📁 Datasets

A dataset is a collection of files that are all redacted and synthesized in the same way. Datasets are a helpful organization tool to ensure that you can easily track a collections of files and how sensitive data is removed from those files.

Datasets are typically configured from the Textual UI, but for ease of use, the SDK also supports many dataset operations. However, some operations can only be performed from the Textual UI.

Creating a dataset

To create a dataset:

from tonic_textual.redact_api import TonicTextual

textual = TonicTextual("https://textual.tonic.ai")

dataset = textual.create_dataset('my_dataset')

Retrieving an existing dataset

To retrieve an existing dataset by the dataset name:

dataset = textual.get_dataset('my_dataset')

Editing a dataset

You can use the SDK to edit a dataset. However, not all properties of the dataset can be edited from the SDK.

The following snippet renames the dataset and disables modification of entities that are tagged as ORGANIZATION.

dataset.edit(name='new_dataset_name', generator_config={'ORGANIZATION': 'Off'})

Uploading files to a dataset

You can upload files to your dataset from the SDK. Provide the complete path to the file, and the complete name of the file as you want it to appear in Textual.

dataset.add_file('<path to file>','<file name>')

Viewing the list of files in a dataset

To get the list of files in a dataset, view the files property of the dataset.

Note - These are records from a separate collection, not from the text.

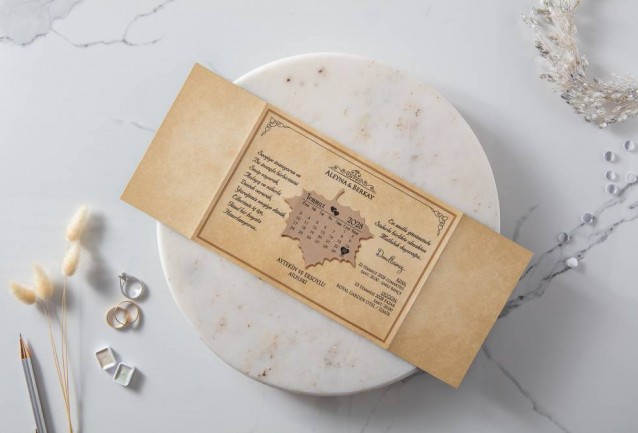 Çınar Yapraklı Takvimli DavetiyeArka kısımda misafir isim yeri mevcuttur.13,4x19,4 cm ebatlarında ürün zarfsız tasarlanmıştır.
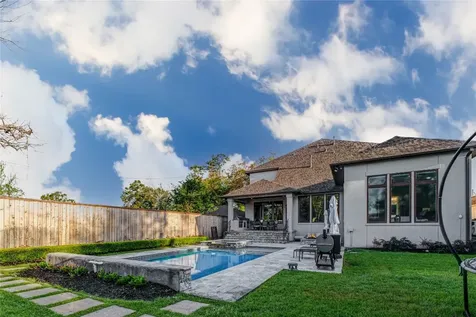 2111 Saxon Drive Houston TX 77018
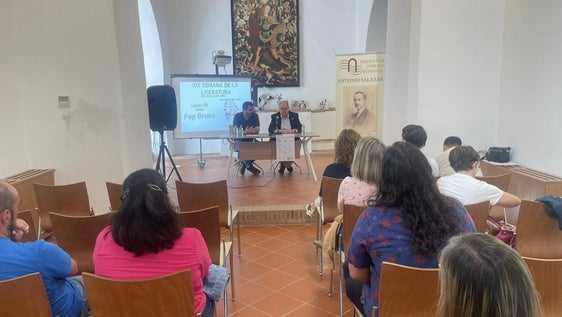 Inauguración de las actividades en la biblioteca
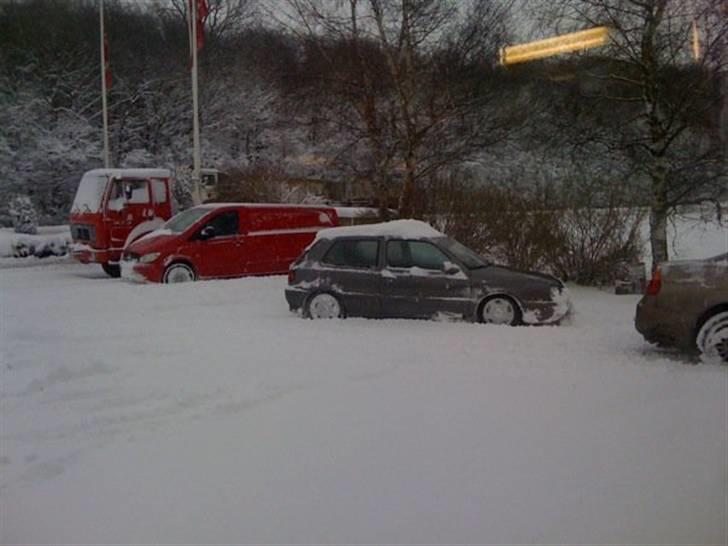 VW Golf 3 TD SOLGT - jaa lige billee af golfen som sidder godt fast i sneen billede 16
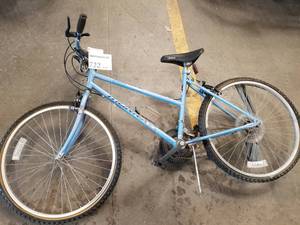 lot 722 image: Murray Mountain Rage ATB Womens 20 18-speed Trail Bike with 17 Blue Frame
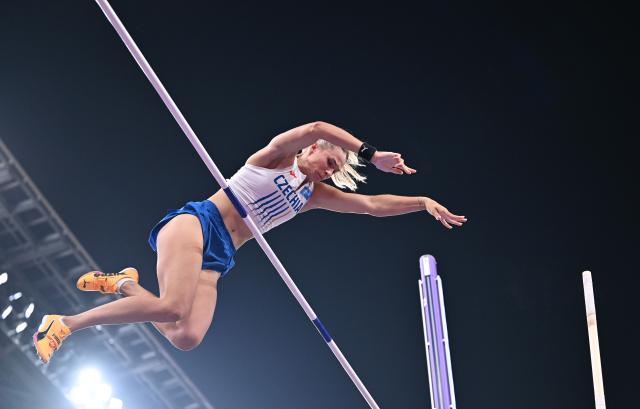 (250918) -- TOKYO, Sept. 18, 2025 (Xinhua) -- Amalie Svabikova of of the Czech Republic competes during the women's pole vault final at the 2025 World Athletics Championships in Tokyo, Japan, Sept. 17, 2025. (Xinhua/Song Yanhua)
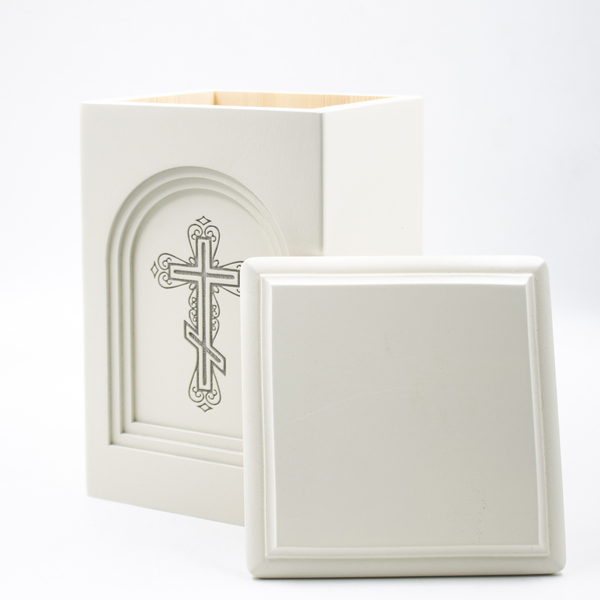 Урна для праха из березы «Арка» молочная с гравировкой Крест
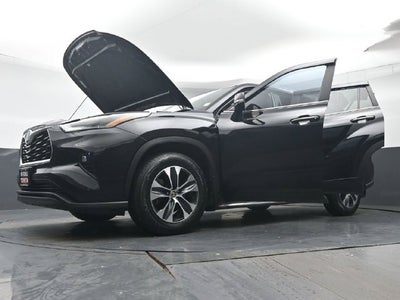2025 Toyota Highlander XLE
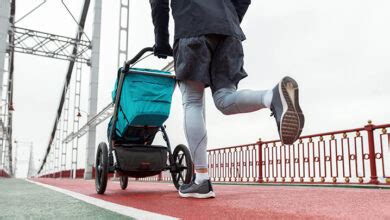 Starši, ki se sprehajajo z otroškim vozičkom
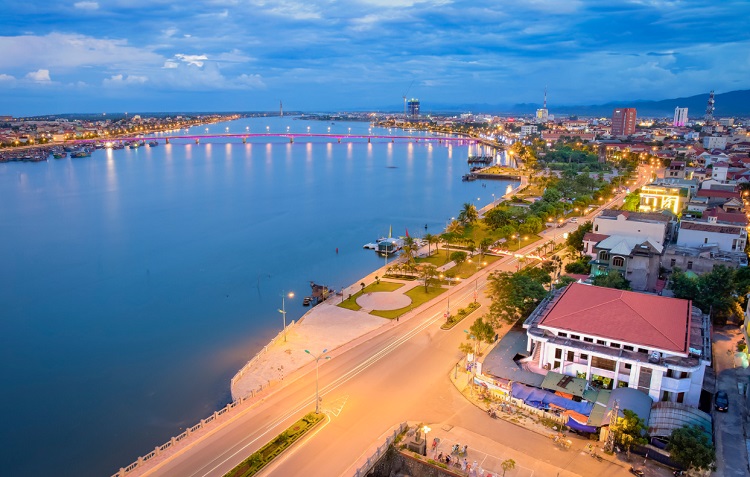 v&eacute; m&aacute;y bay đi Đồng Hới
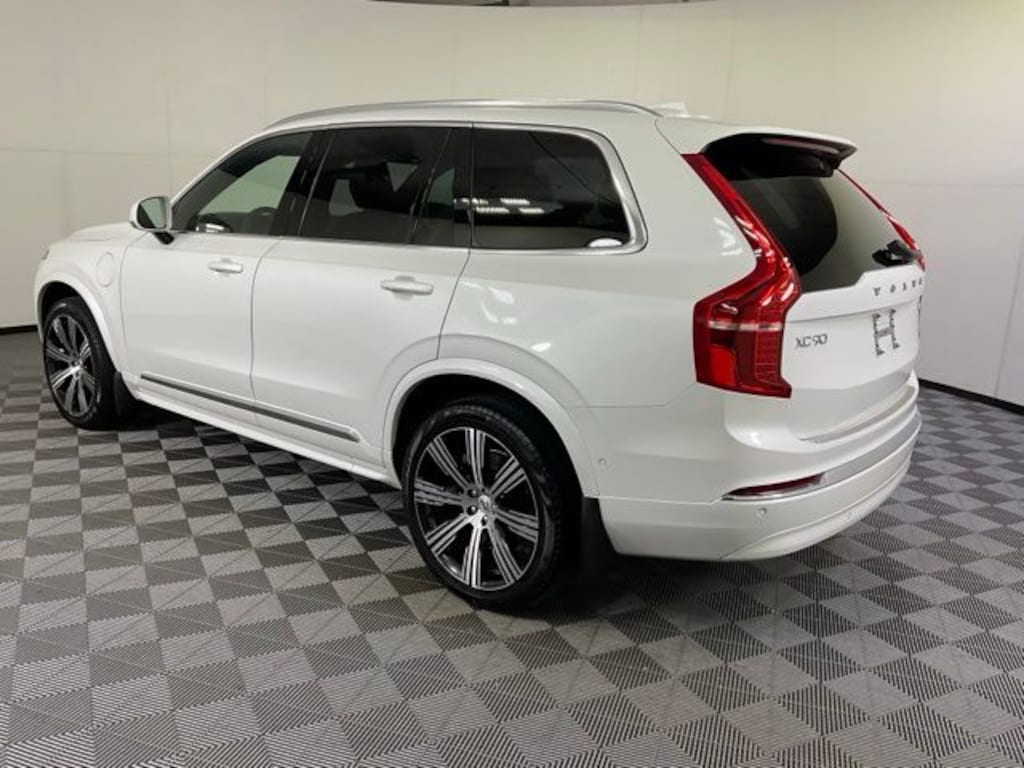 Certified 2025 Volvo XC90 plug-in hybrid T8 Ultra 7-Seater SUV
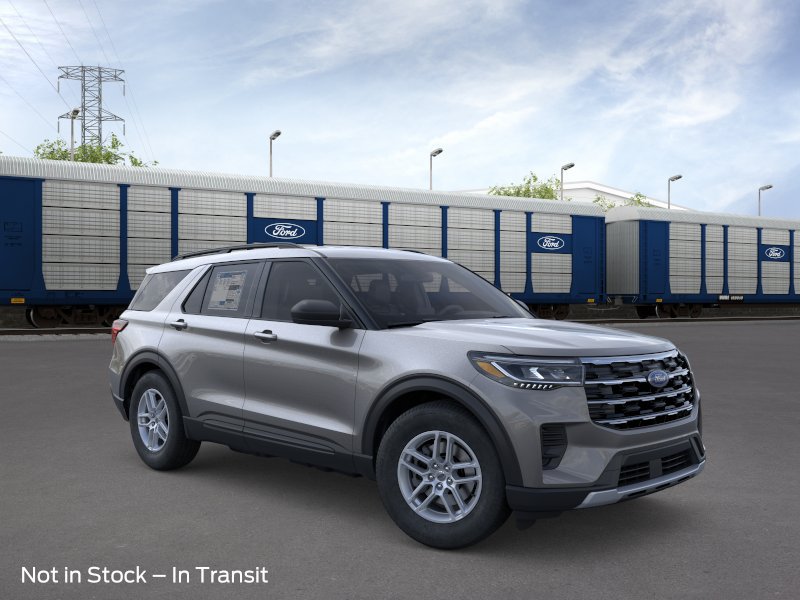 New 2026 Ford Explorer Active RWD image 7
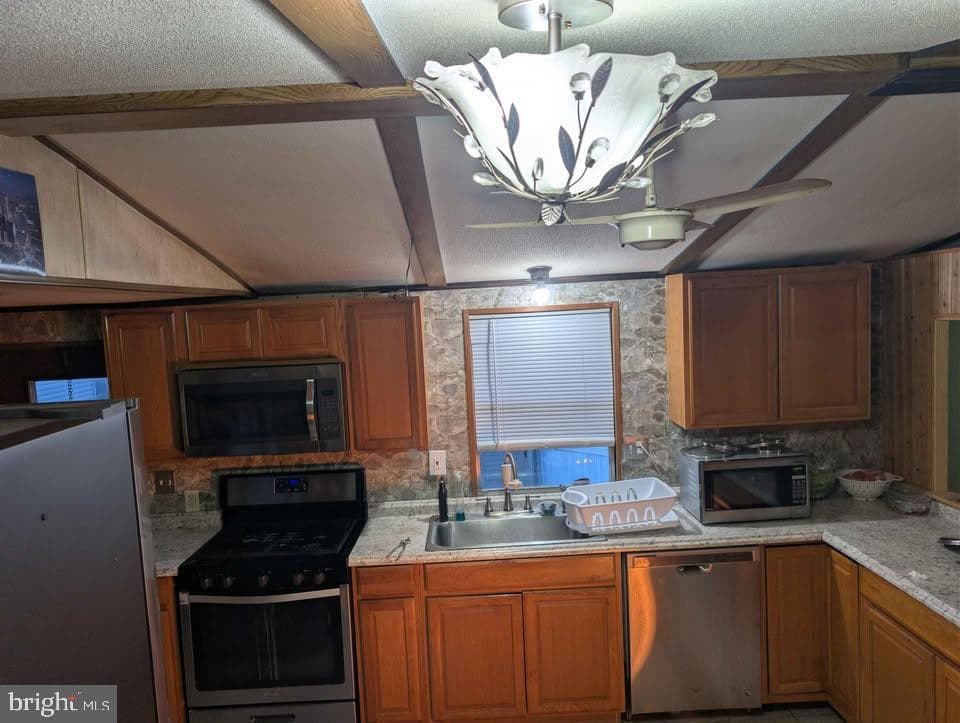 3444 Iris Avenue photo 3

To filter dataset files based on their processing status, call:

  • get_failed_files

  • get_running_files

  • get_queued_files

  • get_processed_files

Downloading a redacted dataset file

To download the redacted or synthesized version of the file, get the specific file from the dataset, then call the download function.

For example:

files = dataset.get_processed_files()
for file in files:
    file_bytes = file.download()
    with open('<file name>', 'wb') as f:
        f.write(file_bytes)

To download a specific file in a dataset that you fetch by name:

file = txt_file = list(filter(lambda x: x.name=='<file to download>', dataset.files))[0]
file_bytes = file.download()
with open('<file name>', 'wb') as f:
    f.write(file_bytes)